_Problem statement_
The finished copy should hold every entry exactly as given, and no pictures.

_Extracted information_
*** Begin section ***
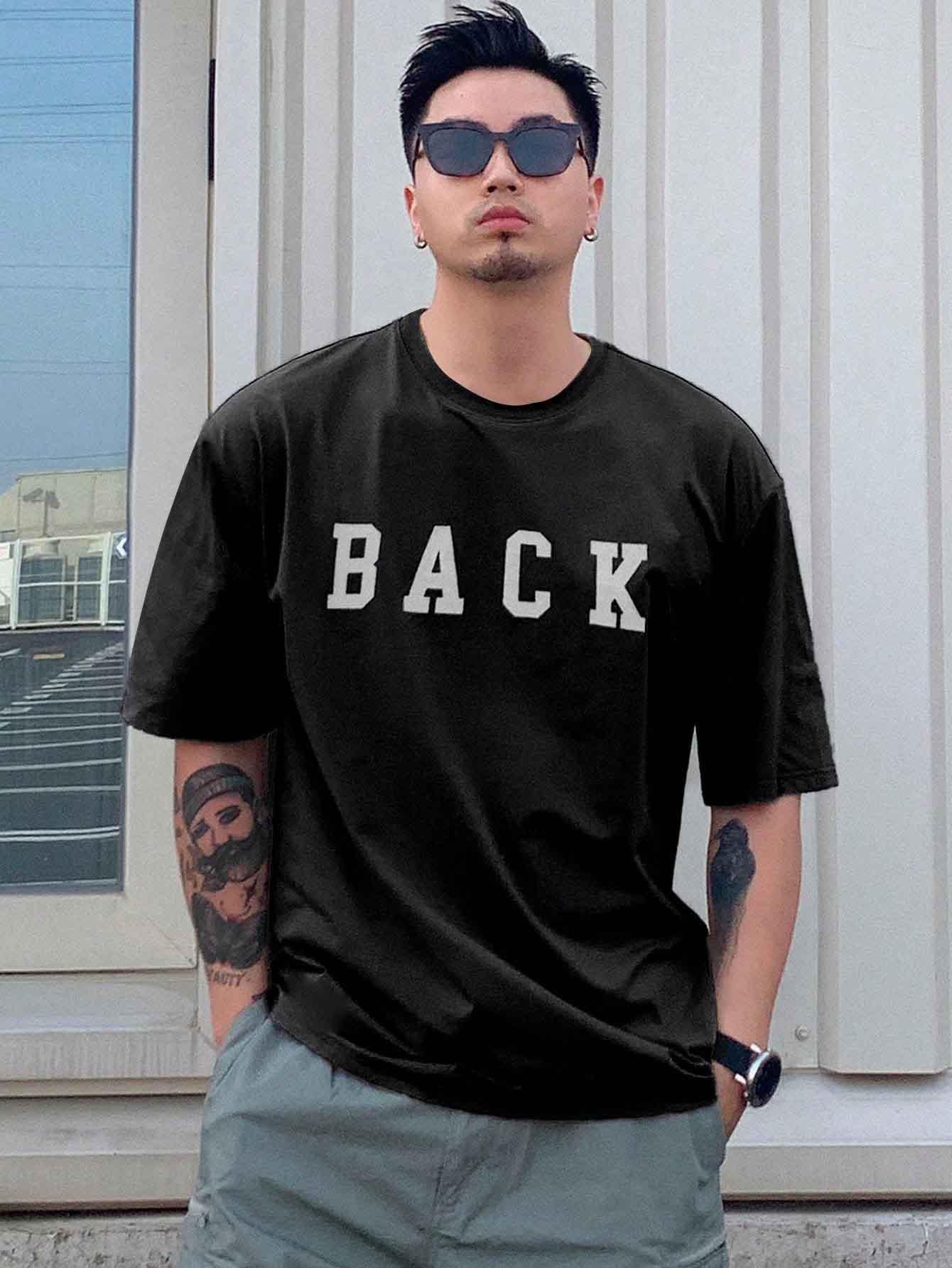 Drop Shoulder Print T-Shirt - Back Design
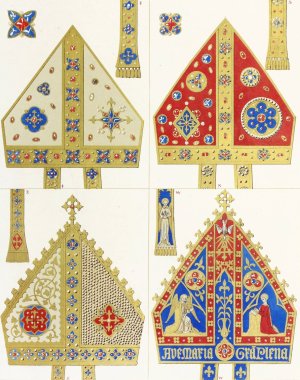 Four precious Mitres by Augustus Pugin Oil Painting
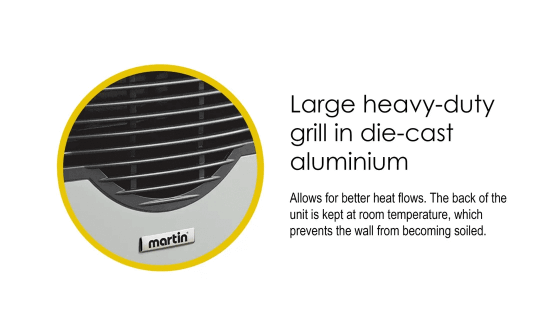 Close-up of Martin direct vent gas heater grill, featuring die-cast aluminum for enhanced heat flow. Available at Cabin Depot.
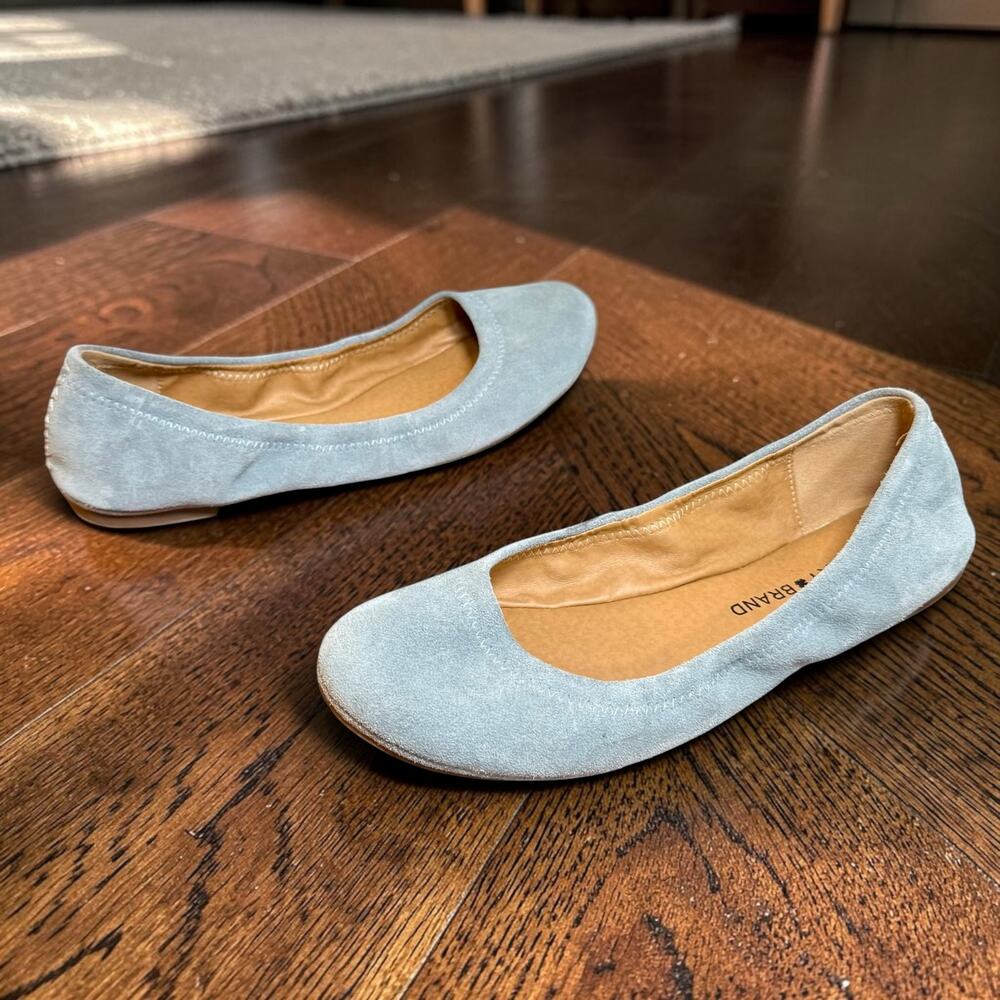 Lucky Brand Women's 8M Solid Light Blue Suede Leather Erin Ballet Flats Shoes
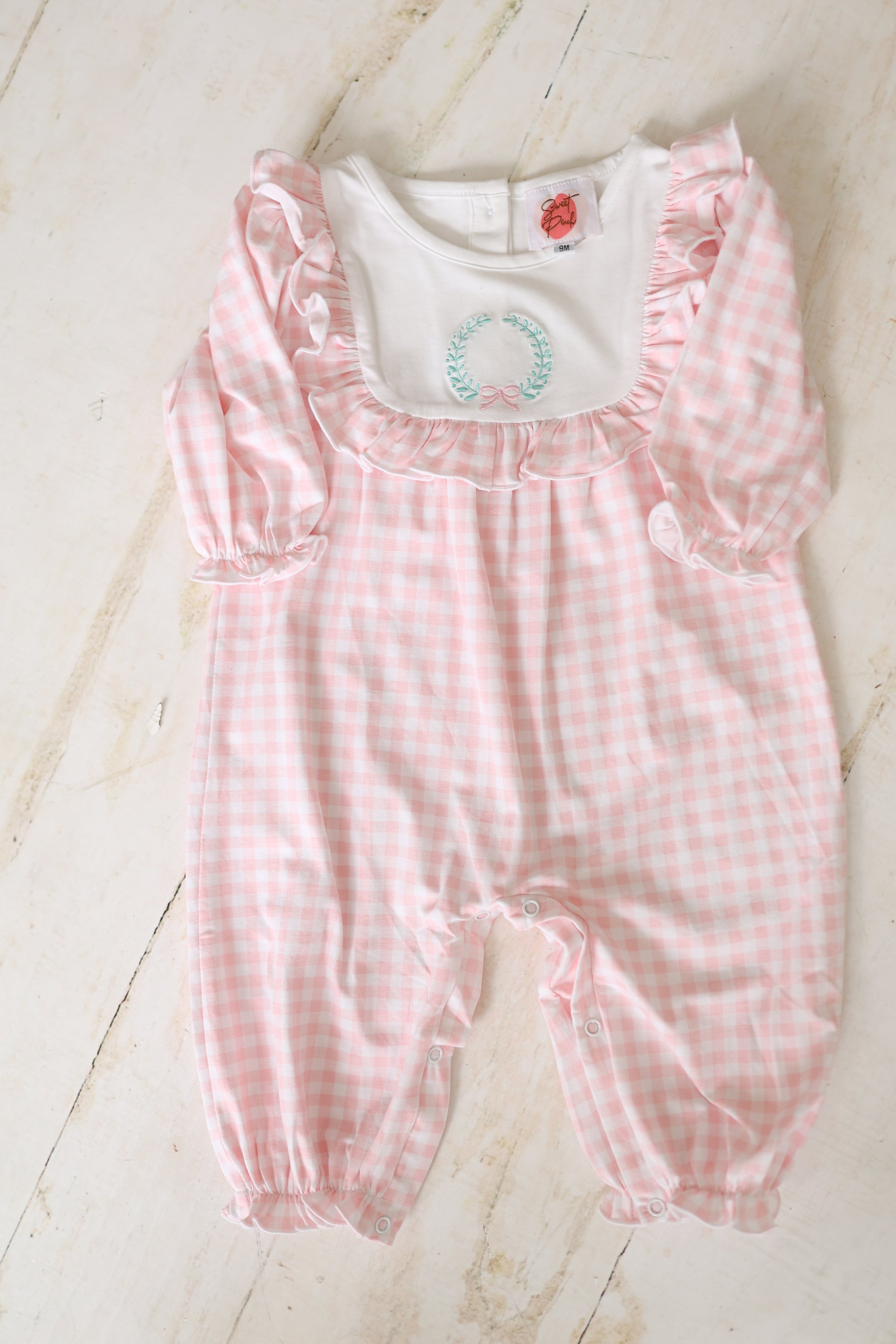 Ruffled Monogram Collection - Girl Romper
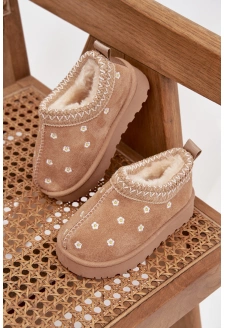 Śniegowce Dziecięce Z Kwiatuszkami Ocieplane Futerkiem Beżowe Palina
*** End section ***
_Result of the task_
 Drop Shoulder Print T-Shirt - Back Design
 Four precious Mitres by Augustus Pugin Oil Painting
 Close-up of Martin direct vent gas heater grill, featuring die-cast aluminum for enhanced heat flow. Available at Cabin Depot.
 Lucky Brand Women's 8M Solid Light Blue Suede Leather Erin Ballet Flats Shoes
 Ruffled Monogram Collection - Girl Romper
 Śniegowce Dziecięce Z Kwiatuszkami Ocieplane Futerkiem Beżowe Palina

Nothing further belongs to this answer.